What is needed – In the records below, find the line that contains "Kafle gres Cersanit" and the line that contains "Italien-Piemont-Langhe Santo Stefano", then retype exactly those two lines and every line between them.

Information provided –
-.-.-

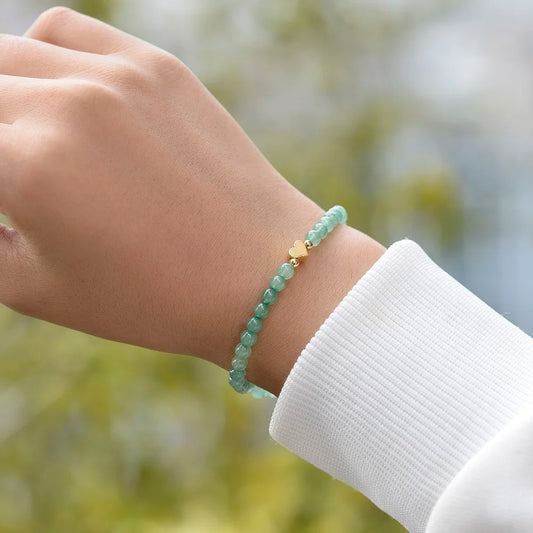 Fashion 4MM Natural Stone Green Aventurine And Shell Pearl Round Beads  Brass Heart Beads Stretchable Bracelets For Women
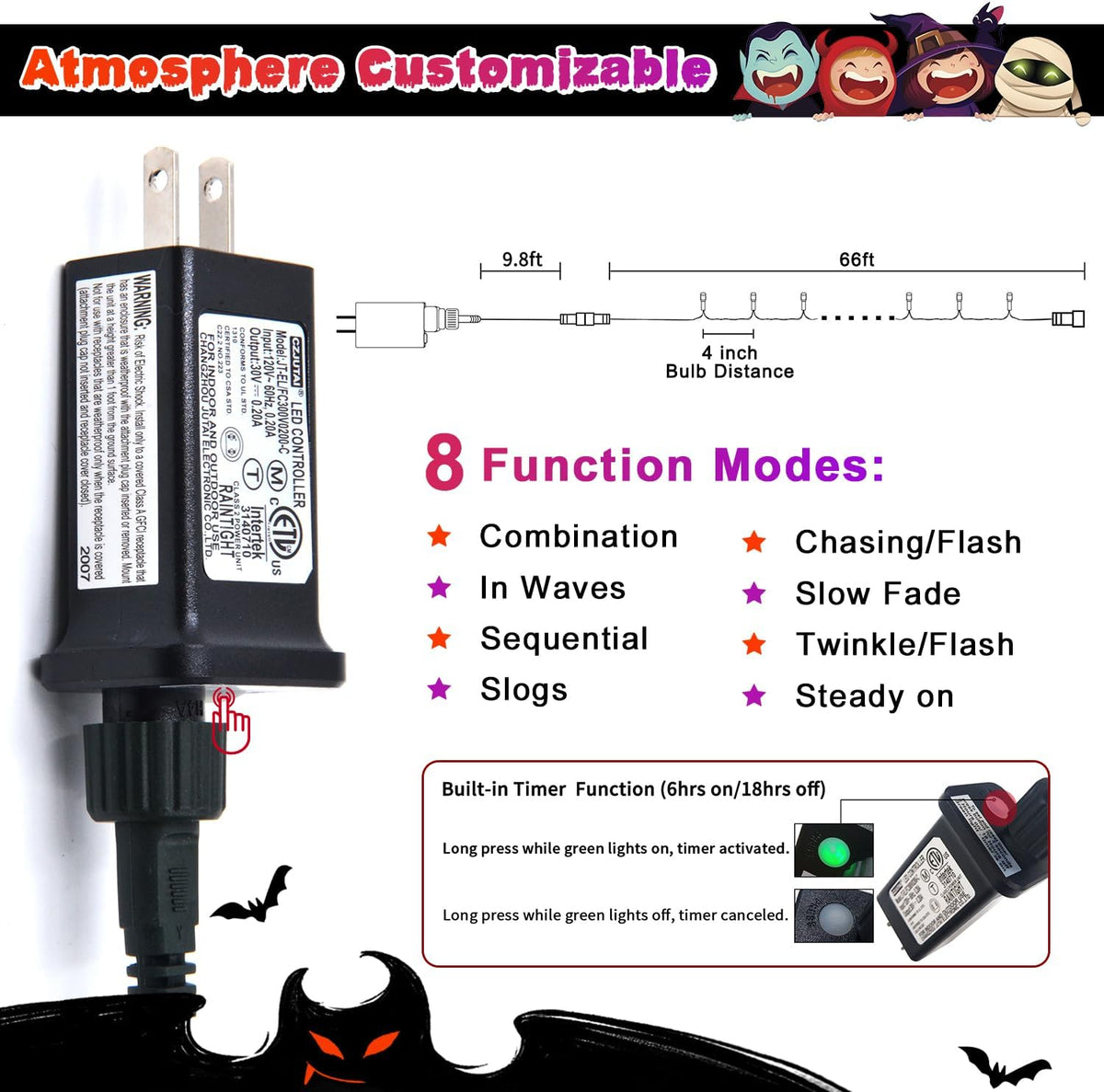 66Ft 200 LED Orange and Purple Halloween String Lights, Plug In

-.-.-

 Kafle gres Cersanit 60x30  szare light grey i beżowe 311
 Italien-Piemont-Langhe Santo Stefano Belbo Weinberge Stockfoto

-.-.-

Output for this task –
 Kafle gres Cersanit 60x30  szare light grey i beżowe 311
 Italien-Piemont-Langhe Santo Stefano Belbo Weinberge Stockfoto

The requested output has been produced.